The team succeeded far beyond Farhat’s last endeavor.
“The last time we’d had access to a large machine like this one, we probably ran our algorithms on about 3,000 processors,” said Farhat, referring to the computations that helped his team win a 2002 Gordon Bell Prize from the Institute of Electrical and Electronics Engineers. “Now we ran on 22,000.”
Engineers want to harness multiple computer processors to improve the efficiency of the complex and time-consuming calculations necessary for many technological problems, including solid mechanics, fluid dynamics, heat transfer and signal processing.
Theoretically, multiple computers can confront, digest and solve complex equations faster than a single computer. But coordination among computers can be as difficult as it is among people, Farhat said. Adding 10 people to a task does not make the group ten times faster or more efficient, because increasing the number of brains also increases the lines of communication and complexity of interactions. The same is true for computers.
“When you connect 100 computers and tell them to solve a system of equations, I need to break it into 100 pieces and ship each piece to a computer, and then they need to talk to each other,” Farhat said. “They cannot do this independently.”
To confront this well-known problem, Farhat and his team—led by Jari Toivanen, Radek Tezaur and Philip Avery—collaborated with the ARL DSRC to craft algorithms to divide these calculations among thousands of computers.

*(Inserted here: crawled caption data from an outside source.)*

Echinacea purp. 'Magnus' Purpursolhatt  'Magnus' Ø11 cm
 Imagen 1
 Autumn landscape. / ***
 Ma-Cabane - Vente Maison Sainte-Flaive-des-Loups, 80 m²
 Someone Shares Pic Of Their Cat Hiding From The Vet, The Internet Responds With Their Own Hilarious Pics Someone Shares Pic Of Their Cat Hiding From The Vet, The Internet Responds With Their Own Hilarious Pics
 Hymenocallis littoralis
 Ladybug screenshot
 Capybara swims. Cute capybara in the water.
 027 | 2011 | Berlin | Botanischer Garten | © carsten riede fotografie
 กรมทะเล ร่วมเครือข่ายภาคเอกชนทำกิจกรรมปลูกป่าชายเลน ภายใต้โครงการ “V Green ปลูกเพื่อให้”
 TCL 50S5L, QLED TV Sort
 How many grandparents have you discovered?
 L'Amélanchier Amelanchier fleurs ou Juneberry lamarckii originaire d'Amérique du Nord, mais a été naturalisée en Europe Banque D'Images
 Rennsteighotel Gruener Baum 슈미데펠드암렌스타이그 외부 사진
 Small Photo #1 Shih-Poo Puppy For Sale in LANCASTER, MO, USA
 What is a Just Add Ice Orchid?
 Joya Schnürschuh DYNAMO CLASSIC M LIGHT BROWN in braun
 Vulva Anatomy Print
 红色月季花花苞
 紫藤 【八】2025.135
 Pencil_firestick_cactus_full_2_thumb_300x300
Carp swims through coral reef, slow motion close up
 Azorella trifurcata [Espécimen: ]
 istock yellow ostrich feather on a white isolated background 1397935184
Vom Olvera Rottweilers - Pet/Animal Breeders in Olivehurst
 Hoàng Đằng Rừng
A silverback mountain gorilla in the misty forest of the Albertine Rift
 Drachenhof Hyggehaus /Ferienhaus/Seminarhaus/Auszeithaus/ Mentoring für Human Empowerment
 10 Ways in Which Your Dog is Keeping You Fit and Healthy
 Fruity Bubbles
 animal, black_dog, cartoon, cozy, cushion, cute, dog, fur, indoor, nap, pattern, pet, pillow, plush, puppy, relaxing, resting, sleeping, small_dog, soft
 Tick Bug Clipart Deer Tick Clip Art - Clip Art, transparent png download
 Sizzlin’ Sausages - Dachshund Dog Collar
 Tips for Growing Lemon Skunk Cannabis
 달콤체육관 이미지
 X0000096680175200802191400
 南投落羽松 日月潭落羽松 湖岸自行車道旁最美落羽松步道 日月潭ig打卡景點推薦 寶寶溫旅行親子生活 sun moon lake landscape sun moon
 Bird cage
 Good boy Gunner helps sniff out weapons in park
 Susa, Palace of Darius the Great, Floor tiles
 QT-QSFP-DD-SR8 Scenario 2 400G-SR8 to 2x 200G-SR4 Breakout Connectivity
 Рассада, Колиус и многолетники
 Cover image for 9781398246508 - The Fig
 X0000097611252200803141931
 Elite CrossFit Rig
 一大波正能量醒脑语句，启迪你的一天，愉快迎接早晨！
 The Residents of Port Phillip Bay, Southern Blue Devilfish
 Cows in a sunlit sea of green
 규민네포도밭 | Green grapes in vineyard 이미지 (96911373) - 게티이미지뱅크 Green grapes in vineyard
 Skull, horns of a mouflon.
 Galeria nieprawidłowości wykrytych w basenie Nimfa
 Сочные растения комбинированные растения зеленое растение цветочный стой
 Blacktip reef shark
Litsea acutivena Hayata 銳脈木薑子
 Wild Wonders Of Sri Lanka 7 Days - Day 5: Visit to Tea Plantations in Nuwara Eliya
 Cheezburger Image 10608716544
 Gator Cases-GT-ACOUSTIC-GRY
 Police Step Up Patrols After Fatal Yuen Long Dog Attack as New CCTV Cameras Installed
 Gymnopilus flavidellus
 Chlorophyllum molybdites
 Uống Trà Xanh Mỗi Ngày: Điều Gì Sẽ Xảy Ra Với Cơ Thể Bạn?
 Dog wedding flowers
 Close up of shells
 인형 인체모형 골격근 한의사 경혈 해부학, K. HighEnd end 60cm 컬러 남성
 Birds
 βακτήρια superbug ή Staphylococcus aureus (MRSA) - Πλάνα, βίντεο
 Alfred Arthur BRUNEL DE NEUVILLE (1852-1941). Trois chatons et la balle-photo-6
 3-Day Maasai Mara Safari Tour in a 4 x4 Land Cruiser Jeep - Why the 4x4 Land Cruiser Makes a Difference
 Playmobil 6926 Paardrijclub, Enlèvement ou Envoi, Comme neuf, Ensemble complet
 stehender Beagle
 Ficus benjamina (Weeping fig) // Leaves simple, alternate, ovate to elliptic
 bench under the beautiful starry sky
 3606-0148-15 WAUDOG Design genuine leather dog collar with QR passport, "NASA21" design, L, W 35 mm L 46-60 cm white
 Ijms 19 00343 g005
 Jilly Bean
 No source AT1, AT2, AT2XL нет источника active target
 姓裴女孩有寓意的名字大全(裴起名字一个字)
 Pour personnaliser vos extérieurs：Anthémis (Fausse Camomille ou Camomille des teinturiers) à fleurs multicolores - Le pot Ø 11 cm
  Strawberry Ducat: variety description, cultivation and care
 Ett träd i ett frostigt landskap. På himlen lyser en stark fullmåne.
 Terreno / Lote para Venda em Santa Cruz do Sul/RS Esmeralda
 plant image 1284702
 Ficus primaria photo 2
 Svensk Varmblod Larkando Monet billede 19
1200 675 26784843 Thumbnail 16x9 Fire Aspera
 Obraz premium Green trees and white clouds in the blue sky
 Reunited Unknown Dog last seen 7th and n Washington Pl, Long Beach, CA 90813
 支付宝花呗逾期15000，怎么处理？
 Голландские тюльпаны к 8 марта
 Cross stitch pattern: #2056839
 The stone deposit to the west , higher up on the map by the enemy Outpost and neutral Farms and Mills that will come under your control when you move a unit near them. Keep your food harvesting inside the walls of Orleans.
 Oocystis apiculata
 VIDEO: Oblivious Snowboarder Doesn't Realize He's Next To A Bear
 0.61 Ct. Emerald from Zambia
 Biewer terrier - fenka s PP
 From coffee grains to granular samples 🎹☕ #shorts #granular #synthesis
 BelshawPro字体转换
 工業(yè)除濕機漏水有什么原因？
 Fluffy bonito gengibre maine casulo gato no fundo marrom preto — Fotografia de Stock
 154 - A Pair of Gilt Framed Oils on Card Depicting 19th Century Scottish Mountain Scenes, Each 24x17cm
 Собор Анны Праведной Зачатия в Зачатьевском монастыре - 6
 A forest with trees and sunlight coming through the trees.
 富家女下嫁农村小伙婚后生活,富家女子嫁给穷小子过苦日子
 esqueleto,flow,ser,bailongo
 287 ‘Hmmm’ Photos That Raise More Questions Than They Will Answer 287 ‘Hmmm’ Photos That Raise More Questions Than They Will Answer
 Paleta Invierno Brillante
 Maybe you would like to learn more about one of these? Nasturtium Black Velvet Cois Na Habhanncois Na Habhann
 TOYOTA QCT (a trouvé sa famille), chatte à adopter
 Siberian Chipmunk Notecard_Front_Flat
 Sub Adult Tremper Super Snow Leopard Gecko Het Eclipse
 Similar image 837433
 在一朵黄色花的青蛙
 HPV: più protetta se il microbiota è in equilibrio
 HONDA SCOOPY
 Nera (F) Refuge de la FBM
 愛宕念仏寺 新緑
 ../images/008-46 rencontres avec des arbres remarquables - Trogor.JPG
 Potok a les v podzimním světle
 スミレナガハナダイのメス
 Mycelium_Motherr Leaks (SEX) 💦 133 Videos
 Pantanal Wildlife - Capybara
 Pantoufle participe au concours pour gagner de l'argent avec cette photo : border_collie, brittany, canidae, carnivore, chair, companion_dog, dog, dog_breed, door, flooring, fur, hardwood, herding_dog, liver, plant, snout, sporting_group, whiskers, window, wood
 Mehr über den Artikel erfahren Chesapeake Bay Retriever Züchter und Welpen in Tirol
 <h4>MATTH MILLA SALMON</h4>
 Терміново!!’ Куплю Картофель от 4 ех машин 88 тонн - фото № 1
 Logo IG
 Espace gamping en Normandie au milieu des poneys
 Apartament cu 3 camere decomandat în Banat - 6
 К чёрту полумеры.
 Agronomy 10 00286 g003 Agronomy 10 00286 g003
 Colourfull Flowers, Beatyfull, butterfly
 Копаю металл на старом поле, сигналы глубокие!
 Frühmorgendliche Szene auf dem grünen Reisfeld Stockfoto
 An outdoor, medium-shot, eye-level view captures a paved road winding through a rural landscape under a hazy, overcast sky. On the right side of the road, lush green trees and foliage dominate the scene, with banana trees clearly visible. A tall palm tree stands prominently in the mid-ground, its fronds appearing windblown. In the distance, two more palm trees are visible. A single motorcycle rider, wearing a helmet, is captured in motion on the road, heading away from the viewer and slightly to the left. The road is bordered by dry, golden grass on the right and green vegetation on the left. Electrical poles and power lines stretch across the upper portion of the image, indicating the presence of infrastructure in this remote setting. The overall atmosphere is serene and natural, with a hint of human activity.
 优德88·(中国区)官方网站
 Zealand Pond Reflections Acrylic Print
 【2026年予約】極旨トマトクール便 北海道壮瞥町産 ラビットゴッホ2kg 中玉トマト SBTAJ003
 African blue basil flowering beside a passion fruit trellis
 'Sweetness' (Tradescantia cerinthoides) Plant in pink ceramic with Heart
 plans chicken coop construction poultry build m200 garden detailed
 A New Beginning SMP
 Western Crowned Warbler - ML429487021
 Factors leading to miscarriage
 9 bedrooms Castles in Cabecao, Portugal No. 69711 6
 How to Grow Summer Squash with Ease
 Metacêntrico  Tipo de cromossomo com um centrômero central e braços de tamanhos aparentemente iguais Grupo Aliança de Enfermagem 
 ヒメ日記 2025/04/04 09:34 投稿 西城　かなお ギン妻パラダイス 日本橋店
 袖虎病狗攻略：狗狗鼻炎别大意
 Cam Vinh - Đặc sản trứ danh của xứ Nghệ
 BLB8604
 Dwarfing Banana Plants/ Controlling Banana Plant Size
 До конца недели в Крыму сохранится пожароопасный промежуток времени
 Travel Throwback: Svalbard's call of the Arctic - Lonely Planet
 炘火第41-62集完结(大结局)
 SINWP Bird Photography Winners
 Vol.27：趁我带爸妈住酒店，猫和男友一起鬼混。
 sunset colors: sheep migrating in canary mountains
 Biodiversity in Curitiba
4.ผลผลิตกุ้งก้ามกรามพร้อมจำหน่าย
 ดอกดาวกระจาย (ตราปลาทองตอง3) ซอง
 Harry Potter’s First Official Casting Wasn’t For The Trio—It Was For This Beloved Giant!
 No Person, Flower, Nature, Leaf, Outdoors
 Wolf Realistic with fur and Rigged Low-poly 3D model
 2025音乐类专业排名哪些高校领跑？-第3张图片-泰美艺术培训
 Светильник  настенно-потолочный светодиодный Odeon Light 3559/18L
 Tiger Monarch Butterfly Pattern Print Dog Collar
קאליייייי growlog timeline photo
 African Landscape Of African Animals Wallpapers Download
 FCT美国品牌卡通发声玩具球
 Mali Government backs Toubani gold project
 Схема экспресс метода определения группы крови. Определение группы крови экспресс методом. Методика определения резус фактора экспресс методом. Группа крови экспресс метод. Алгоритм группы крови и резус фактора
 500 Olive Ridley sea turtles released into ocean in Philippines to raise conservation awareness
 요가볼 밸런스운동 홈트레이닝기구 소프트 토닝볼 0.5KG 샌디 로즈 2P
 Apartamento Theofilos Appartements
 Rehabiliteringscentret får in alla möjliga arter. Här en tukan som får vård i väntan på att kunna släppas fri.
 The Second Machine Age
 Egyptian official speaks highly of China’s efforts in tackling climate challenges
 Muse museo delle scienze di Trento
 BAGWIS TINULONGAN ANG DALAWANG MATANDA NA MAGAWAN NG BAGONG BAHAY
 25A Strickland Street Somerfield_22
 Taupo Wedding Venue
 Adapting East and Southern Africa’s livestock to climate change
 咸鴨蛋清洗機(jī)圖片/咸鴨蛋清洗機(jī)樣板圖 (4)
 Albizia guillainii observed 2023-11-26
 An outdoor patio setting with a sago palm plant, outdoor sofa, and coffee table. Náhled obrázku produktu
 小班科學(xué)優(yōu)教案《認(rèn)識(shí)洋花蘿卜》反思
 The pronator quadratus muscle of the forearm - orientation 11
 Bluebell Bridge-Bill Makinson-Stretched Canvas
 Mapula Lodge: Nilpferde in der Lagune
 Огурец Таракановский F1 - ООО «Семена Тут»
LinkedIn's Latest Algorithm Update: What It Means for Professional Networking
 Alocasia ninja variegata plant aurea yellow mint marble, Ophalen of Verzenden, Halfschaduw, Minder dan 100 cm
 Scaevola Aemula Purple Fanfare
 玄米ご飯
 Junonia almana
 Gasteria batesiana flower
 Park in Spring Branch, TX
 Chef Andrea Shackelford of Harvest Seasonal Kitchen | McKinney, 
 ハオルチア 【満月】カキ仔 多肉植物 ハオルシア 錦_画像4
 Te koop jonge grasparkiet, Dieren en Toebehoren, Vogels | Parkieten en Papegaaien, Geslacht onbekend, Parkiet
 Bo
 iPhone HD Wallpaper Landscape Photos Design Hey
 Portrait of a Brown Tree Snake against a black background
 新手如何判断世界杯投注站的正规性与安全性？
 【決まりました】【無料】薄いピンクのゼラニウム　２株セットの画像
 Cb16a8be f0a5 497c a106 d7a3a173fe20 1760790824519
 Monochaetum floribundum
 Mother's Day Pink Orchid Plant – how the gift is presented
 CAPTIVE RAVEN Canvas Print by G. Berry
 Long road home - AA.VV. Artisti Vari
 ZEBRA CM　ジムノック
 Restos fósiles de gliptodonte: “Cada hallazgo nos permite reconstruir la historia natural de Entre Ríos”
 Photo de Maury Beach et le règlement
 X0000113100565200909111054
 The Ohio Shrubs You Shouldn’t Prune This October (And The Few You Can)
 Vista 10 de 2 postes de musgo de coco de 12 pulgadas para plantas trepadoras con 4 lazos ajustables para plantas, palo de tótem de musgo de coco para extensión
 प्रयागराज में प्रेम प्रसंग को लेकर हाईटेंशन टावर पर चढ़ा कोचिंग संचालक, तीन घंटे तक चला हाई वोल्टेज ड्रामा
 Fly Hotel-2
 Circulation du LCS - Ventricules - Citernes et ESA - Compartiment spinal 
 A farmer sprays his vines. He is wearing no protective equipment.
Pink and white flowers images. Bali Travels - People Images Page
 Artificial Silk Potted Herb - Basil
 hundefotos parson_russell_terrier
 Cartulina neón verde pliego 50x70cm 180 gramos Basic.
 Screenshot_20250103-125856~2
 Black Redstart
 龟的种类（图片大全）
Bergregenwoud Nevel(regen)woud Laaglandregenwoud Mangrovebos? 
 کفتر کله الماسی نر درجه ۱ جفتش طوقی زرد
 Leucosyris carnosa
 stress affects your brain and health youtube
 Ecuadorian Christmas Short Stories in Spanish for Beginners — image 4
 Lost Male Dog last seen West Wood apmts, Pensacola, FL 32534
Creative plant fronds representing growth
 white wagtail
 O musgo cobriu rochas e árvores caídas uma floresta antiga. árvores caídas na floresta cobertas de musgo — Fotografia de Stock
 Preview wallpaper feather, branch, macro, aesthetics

The team members worked around the clock for three weeks to prepare their software for the test on Excalibur. When the day came last month, they had access to a significant chunk of the facility’s 101,184 processors to divide up slices of their equations, share information and solve the problem. A mere three minutes later, those thousands of processors had solved over 10 billion calculations accurately.
The entire Excalibur probably won’t be available for a repeat of this epic performance. But, Farhat said he believes this new scalable algorithm will be tremendously useful on smaller computing systems.
“When Mercedes wins the Formula One race, the engineering feats get shifted to the street cars that Mercedes sells,” Farhat said. “So, when we improve our algorithms on the highest-end computers, we get to benefit from these improvements on our more pedestrian computers.”
“We empower researchers to solve the most difficult Army operational challenges through innovative computational science research and advanced computing,” said Raju Namburu, ARL DSRC director and AHPCRC cooperative agreement manager.
In the long run, AHPCRC engineers and their Army partners hope that this successful endeavor speeds up the timetable for calculating and solving complex problems in computer engineering.
“Here we’re able to demonstrate what we can do with access,” Farhat said.